Implement Seekable OCI for our GitHub Actions workloads

Dickson Armijos
Building La Haus
Published in
8 min readNov 24, 2023

In the world of container-based deployments, optimizing startup times is crucial to ensure efficiency and agility in application deployment. In our case, we’ve significantly improved task startup times in our Amazon Elastic Container Service (ECS) cluster by implementing Seekable OCI (SOCI), an Amazon Web Services (AWS) technology that allows for deferred loading of container images. The impact that SOCI had on both speed and costs far exceeded our initial expectations, achieving accelerations of up to 3 times in the launch of containers in addition to reducing costs by more than 24%.

SOCI is a technology developed by the AWS team that allows applications to scale faster by allowing them to run without needing to download the entire container image. Rather than pulling the full image to start a container, SOCI allows extracting only the specific metadata needed. By selectively seeking the required image metadata, SOCI avoids transferring unnecessary data. This “lazy loading” approach provides significant time savings in container startup times (see more).

Context

From the Platform team at La Haus, we have created an ECS cluster that is designed to create Fargate Spot tasks that deploys GitHub self-hosted runner instances. This configuration suits a variety of use cases, including private database backup tasks, resource-intensive tests, or tasks that require communication with services on private networks. The flexibility of the ECS cluster and Fargate Spot capabilities enables secure, customizable runtime environments for different teams and their specific needs. With custom container images, our solution seamlessly integrates GitHub Actions into workflows, ensuring optimal performance for tasks ranging from resource-intensive testing to runtime environments with pre-installed tools.

It’s important to note that the Docker images we use vary in size, with the smallest being around 1.7 GB and the largest reaching approximately 2.9 GB. This variability in image sizes can impact task start and deployment times in the ECS cluster.

SOCI Dependencies

It’s important to highlight that for SOCI to function correctly, certain dependencies are required, including nerdctl.

This choice is due to the fact that Docker does not store the compressed image on disk (open issue), but rather compresses it during the push process.
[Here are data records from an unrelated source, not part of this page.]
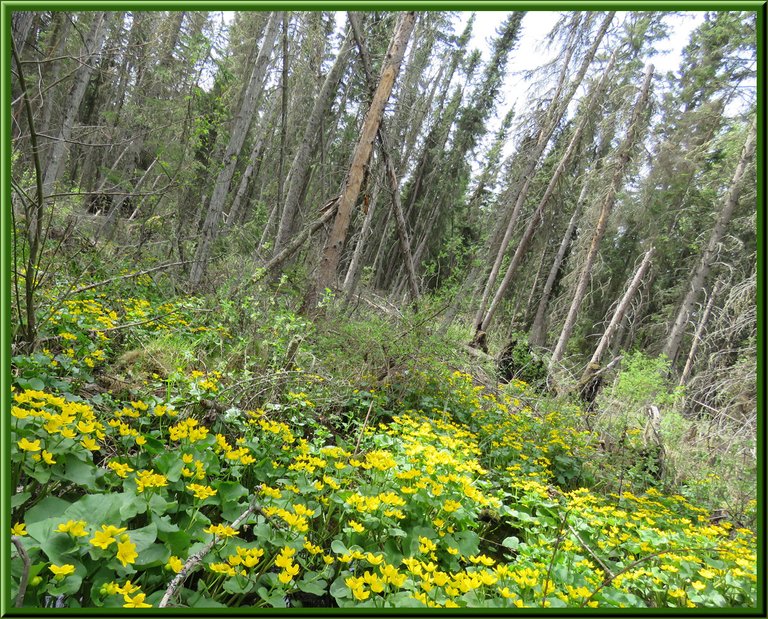 large patch of marsh marigolds with black spruce trunks behind.JPG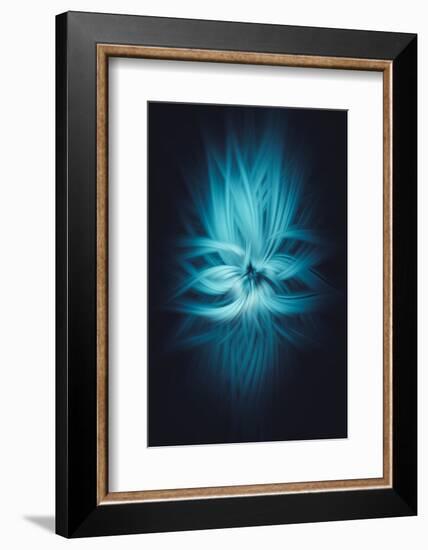 Trinity Collection 80-Philippe Saint-Laudy-Framed Premium Photographic Print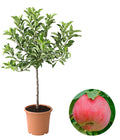  Zwergapfel 'Galina'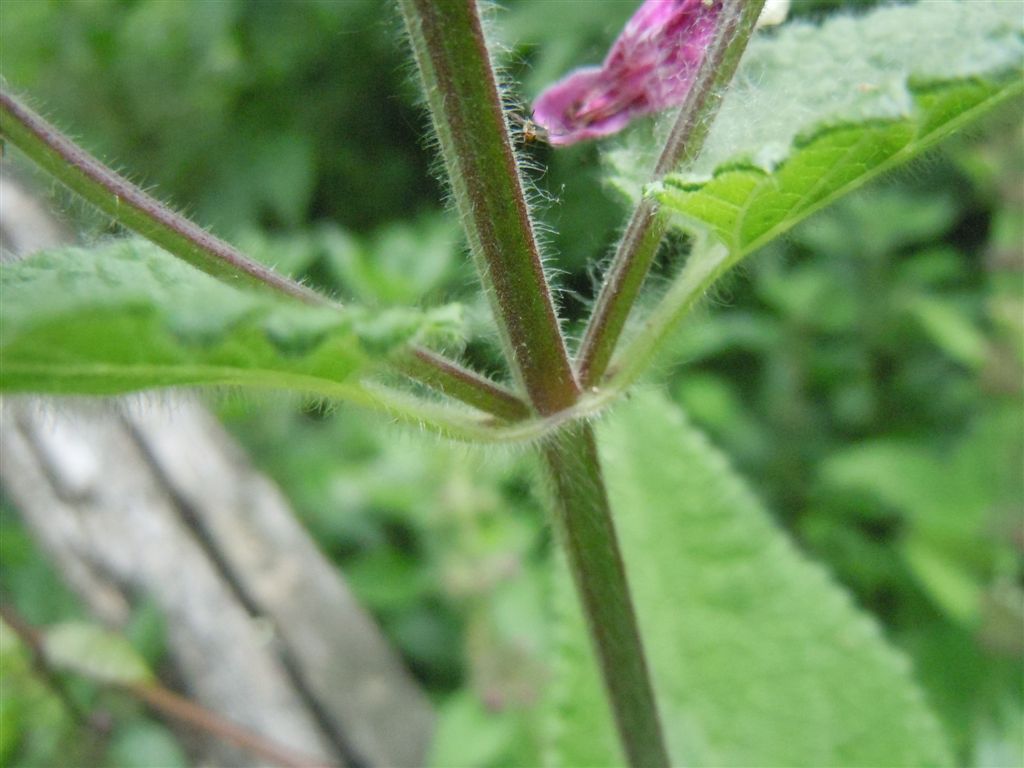 Stachys sylvatica L. / Stregona dei boschi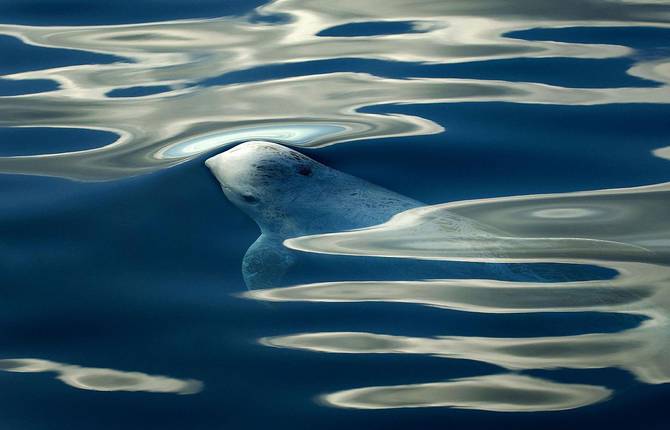 Dreamlike Portraits of Whales & Dolphins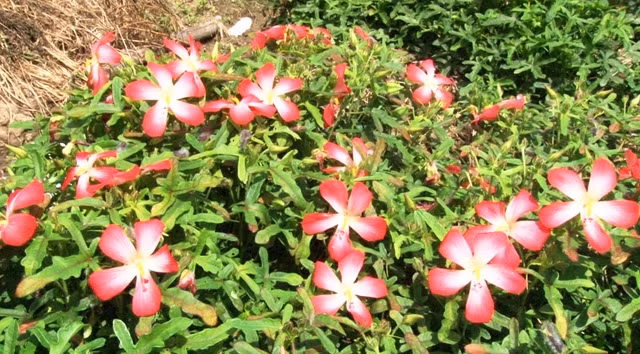 Bắt đầu từ năm 2008, từ mảnh vườn của gia đình, Vũ Công Định tiến hành nhân giống sâm bố chính. Cứ dần dần, qua năm này tới năm khác, chàng trai trẻ và gia đình mua thêm đất ruộng để trồng sâm bố chính, cây đinh lăng. "Nhớ hồi đầu, mình đã tìm tòi và trồng thử 3 công sâm bố chính. Sau gần 1 năm, mình thu hoạch được 4,5 tấn, bán với giá 300 ngàn/kg...Thấy hiệu quả nên cứ thế mở rộng và làm tiếp...", Vũ Công Định chia sẻ.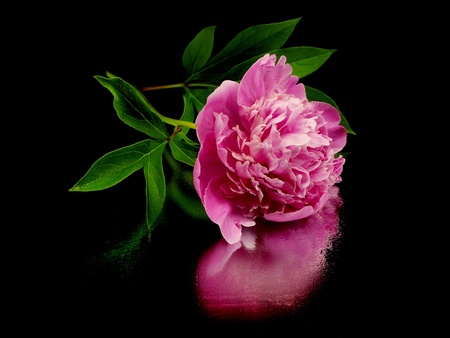 pink peony flower on a black background with water dropsの写真素材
This means we don’t have access to the compressed layers to build the SOCI index until after the push. By using nerdctl, a tool compatible with SOCI, we can overcome this limitation and make the most of SOCI's capabilities.

Here is an example of how we can build the SOCI index of an image, assuming that you have all the necessary dependencies:

To create an index of your images, you can update your CI workflows by adding the commands shown above or implementing this solution created by the AWS team that generates image indices with Lambda functions. This way, you can avoid modifying all your workflows.

In our case, we have a GitHub Actions workflow that builds all our images, so we are going to update our workflows by adding the steps shown above.

Data Analysis

In order to analyze these, we need the following Python script that collects data on the creation time and execution start time of the ECS tasks and then stores these results in an SQLite database. The purpose of this is so that we can collect data before and after the implementation of SOCI in order to analyze the results obtained from the startup times.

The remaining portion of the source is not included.